# Form Followup



## LoneAggie (Jan 10, 2005)

I've been working on my form for a few months now, and I've made a DL adjustment. I'm shooting consistently but am lacking the longer range accuracy I'd like to achieve. My best 60 yard groups are about 5-6" with frequent fliers. I shorted my DL by 1/2" earlier this year, and switched my draw mods to the Rock Mods on my Chill R, which also seemed to shorten the feel of the DL a tiny bit. I've been focusing on relaxing my bow shoulder, and having a consistent anchor. 

When I switched to the Rock Mods it uncovered another bad habit I didn't realize I had. The stock mods are somewhat soft at the wall, and when I switched to the Rock Mods, there is a defined solid wall. I found that evidently I was actually drawing, losing tension, setting up the shot and then attempting to re-establish it.
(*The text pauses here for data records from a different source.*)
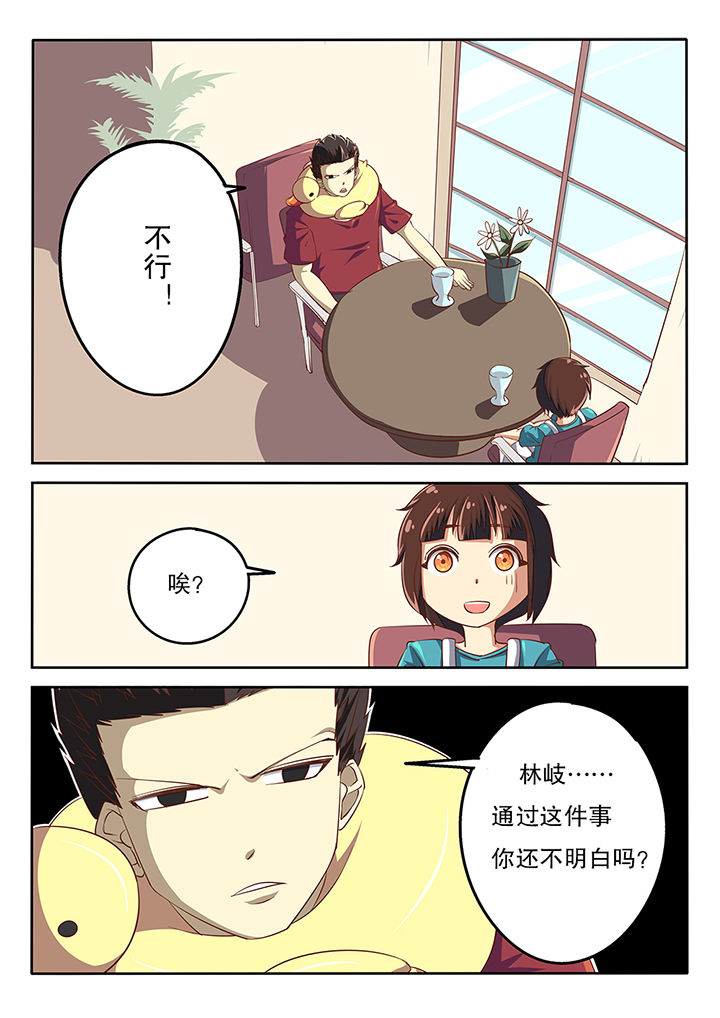 我和幽灵萝莉漫画,第55章：4图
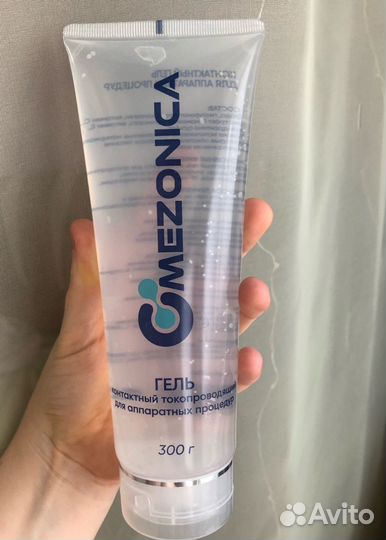 Микротоковый массажер для лица и шеи, новый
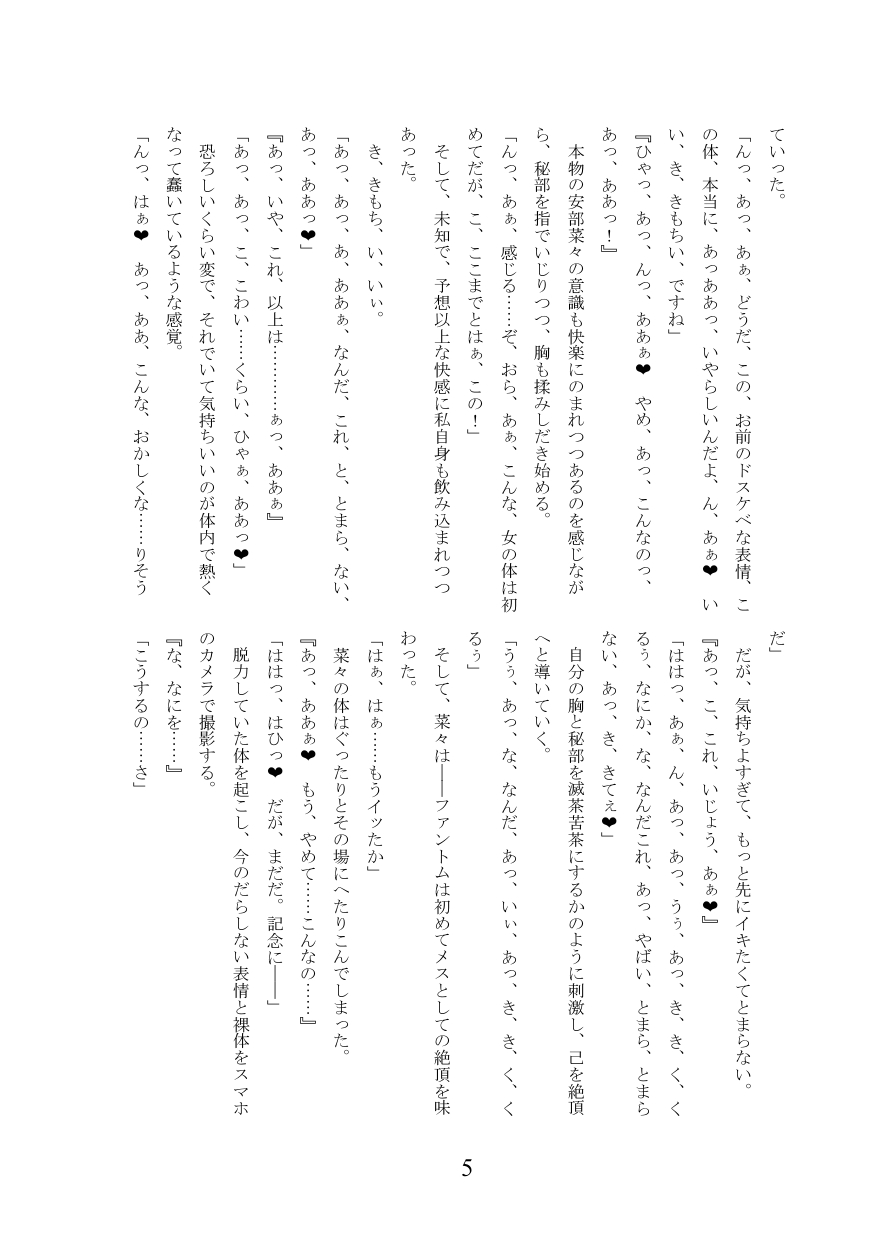 Meruhen ☆ hyōi ~ mahō shōjo usa ￮ n ni hyōi shite yaritaihōdai ~ page 6 full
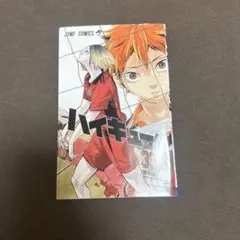 ハイキュー!! 33.5巻 入場者特典
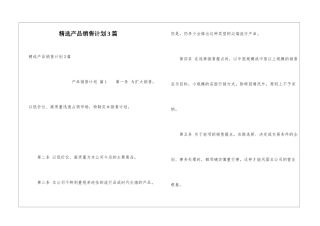 精选产品销售计划3篇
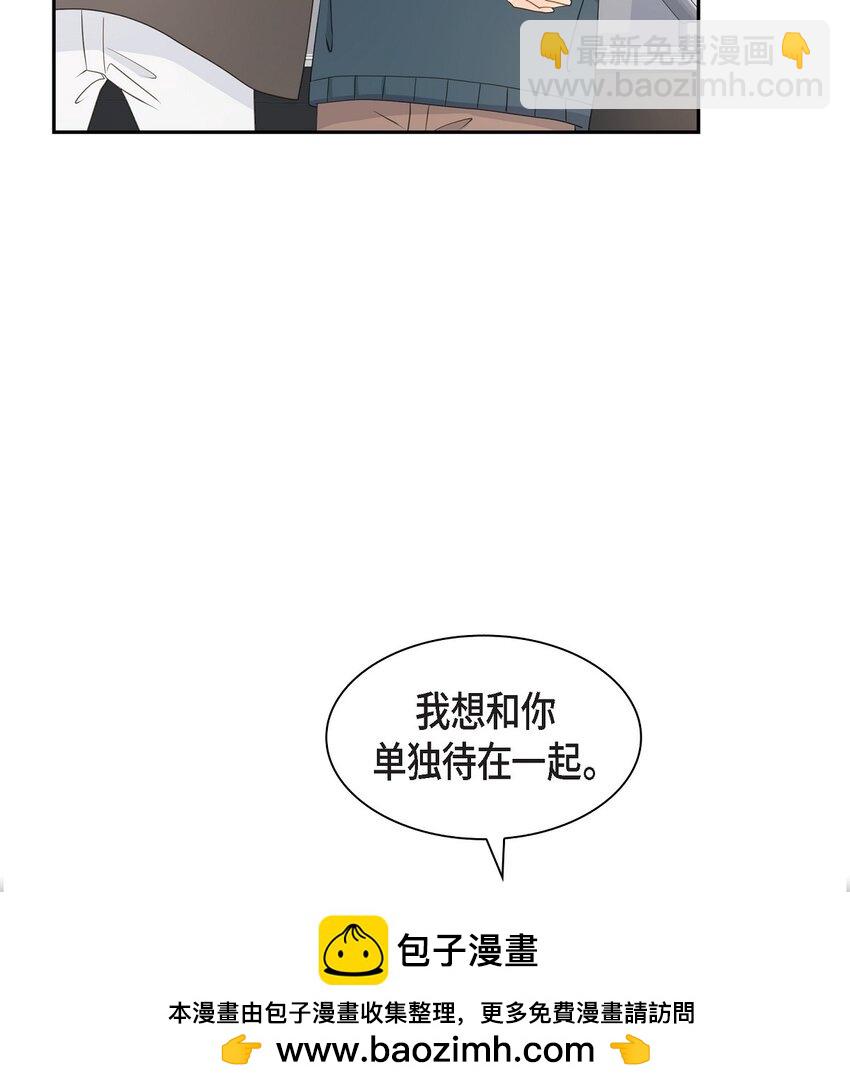 沙城 - 52 我们重新开始吧(1/2) - 2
The past two weeks I've re-taught myself to maintain pressure against the wall from the moment I reach full draw till the arrow leaves. 

Given all that, any general advice from the following form photo, or specific advice on bow shoulder / DL ?


----------



## aread (Dec 25, 2009)

Looks a lot better than your other photos.

Check out GRIV's latest Thing-a-Week from Last Chance Archery. He talks about anchor with shorter ATA bows. You may be able to shorten you DL a little bit.

One thing that may help you is a lower bow shoulder. I may be wrong, but it looks like it's a bit high.

Allen


----------